# What needs to be done:
Should a line in the entries below contain "cursor", return that line.

Short descriptive text snippets:
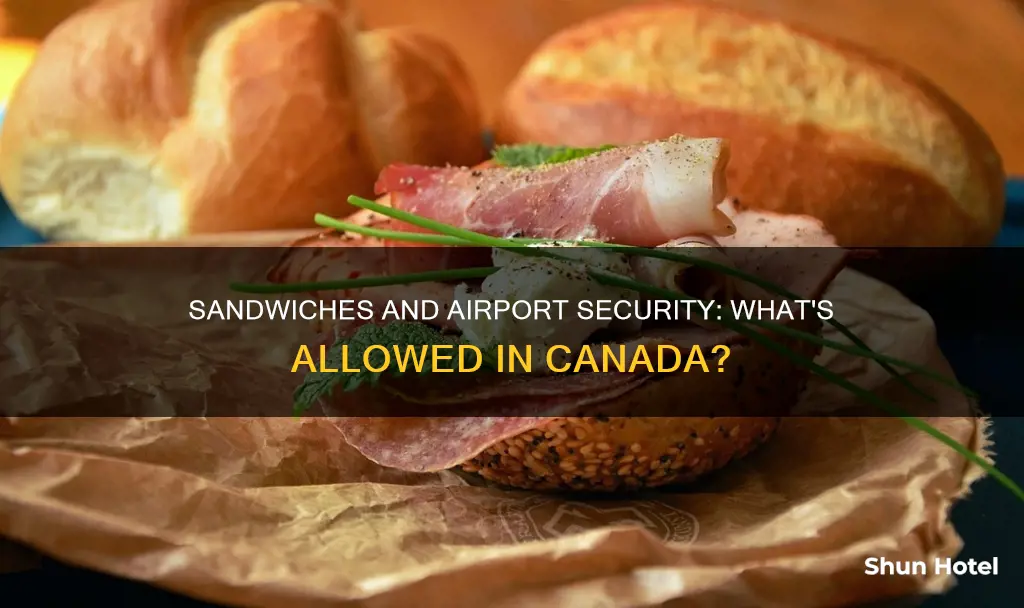 can i bring a sandwich through airport security canada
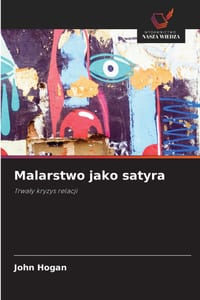 Malarstwo jako satyra cover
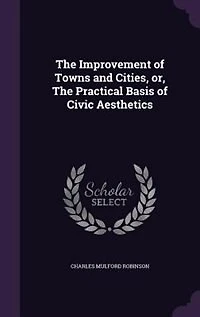 The Improvement of Towns and Cities, or, The Practical Basis of Civic Aesthetics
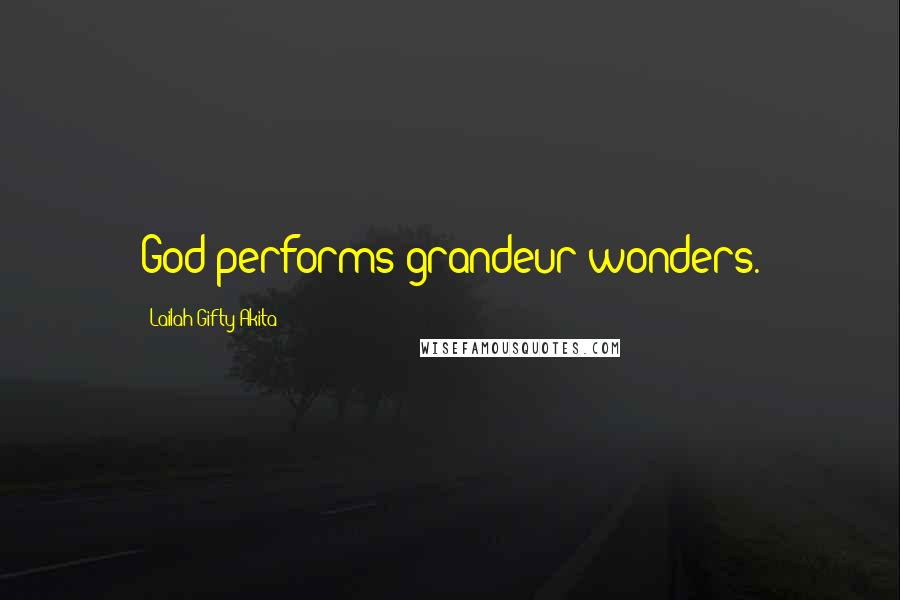 Lailah Gifty Akita Quotes: God performs grandeur wonders.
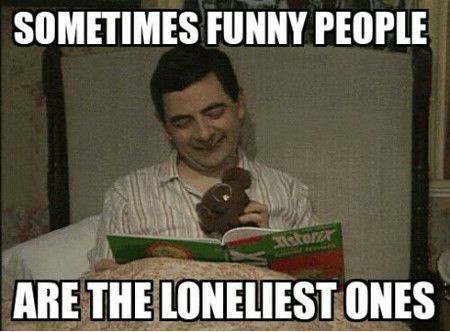 Sometimes Funny People Are The Loneliest Ones Funny People Meme Image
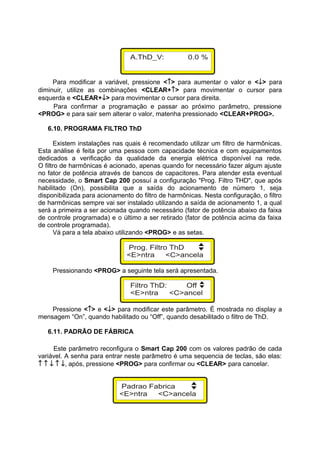 Para modificar a variável, pressione <↑> para aumentar o valor e <↓> para
diminuir, utilize as combinações <CLEAR+↑> para movimentar o cursor para
esquerda e <CLEAR+↓> para movimentar o cursor para direita.
Para confirmar a programação e passar ao próximo parâmetro, pressione
<PROG> e para sair sem alterar o valor, matenha pressionado <CLEAR+PROG>.
6.10. PROGRAMA FILTRO ThD
Existem instalações nas quais é recomendado utilizar um filtro de harmônicas.
Esta análise é feita por uma pessoa com capacidade técnica e com equipamentos
dedicados a verificação da qualidade da energia elétrica disponível na rede.
O filtro de harmônicas é acionado, apenas quando for necessário fazer algum ajuste
no fator de potência através de bancos de capacitores. Para atender esta eventual
necessidade, o Smart Cap 200 possuí a configuração "Prog. Filtro THD", que após
habilitado (On), possibilita que a saída do acionamento de número 1, seja
disponibilizada para acionamento do filtro de harmônicas. Nesta configuração, o filtro
de harmônicas sempre vai ser instalado utilizando a saída de acionamento 1, a qual
será a primeira a ser acionada quando necessário (fator de potência abaixo da faixa
de controle programada) e o último a ser retirado (fator de potência acima da faixa
de controle programada).
Vá para a tela abaixo utilizando <PROG> e as setas.
Pressionando <PROG> a seguinte tela será apresentada.
Pressione <↑> e <↓> para modificar este parâmetro. É mostrada no display a
mensagem “On”, quando habilitado ou “Off”, quando desabilitado o filtro de ThD.
6.11. PADRÃO DE FÁBRICA
Este parâmetro reconfigura o Smart Cap 200 com os valores padrão de cada
variável. A senha para entrar neste parâmetro é uma sequencia de teclas, são elas:
↑ ↑ ↓ ↑ ↓, após, pressione <PROG> para confirmar ou <CLEAR> para cancelar.
 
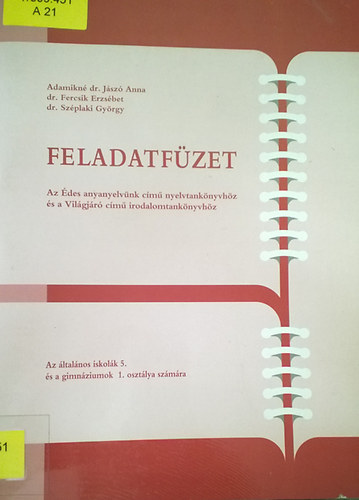 Szplaki Gyrgy; Adamikn Jsz Anna - Feladatfzet az 5.oszt. Vilgjr s az 5.oszt. des anyanyelvnk tanknyvekhez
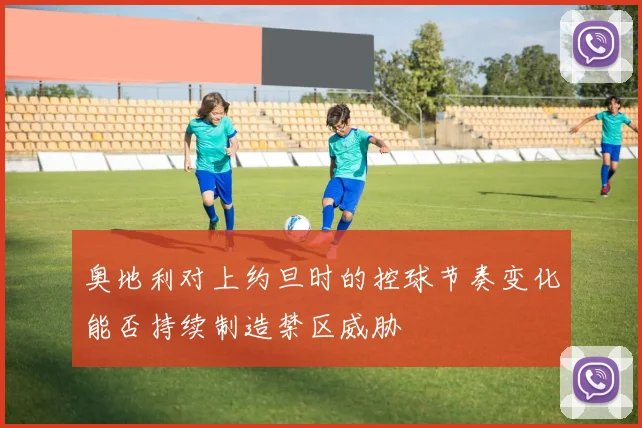 奥地利对上约旦时的控球节奏变化能否持续制造禁区威胁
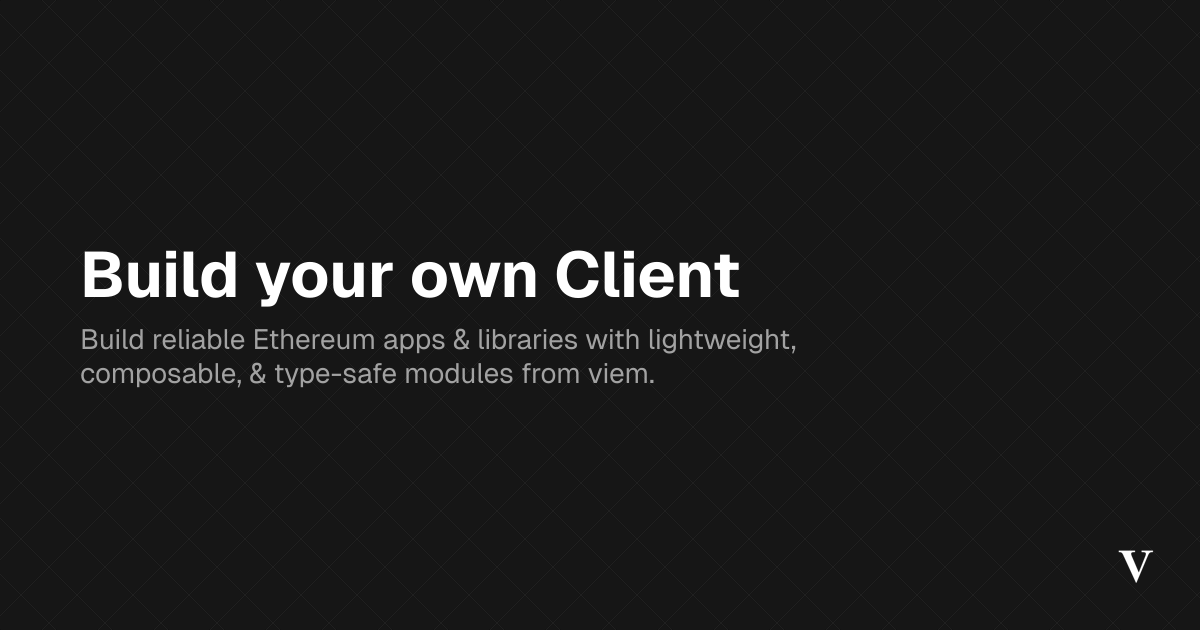 Build your own Client · Viem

# Task result:
diminuir, utilize as combinações <CLEAR+↑> para movimentar o cursor para
esquerda e <CLEAR+↓> para movimentar o cursor para direita.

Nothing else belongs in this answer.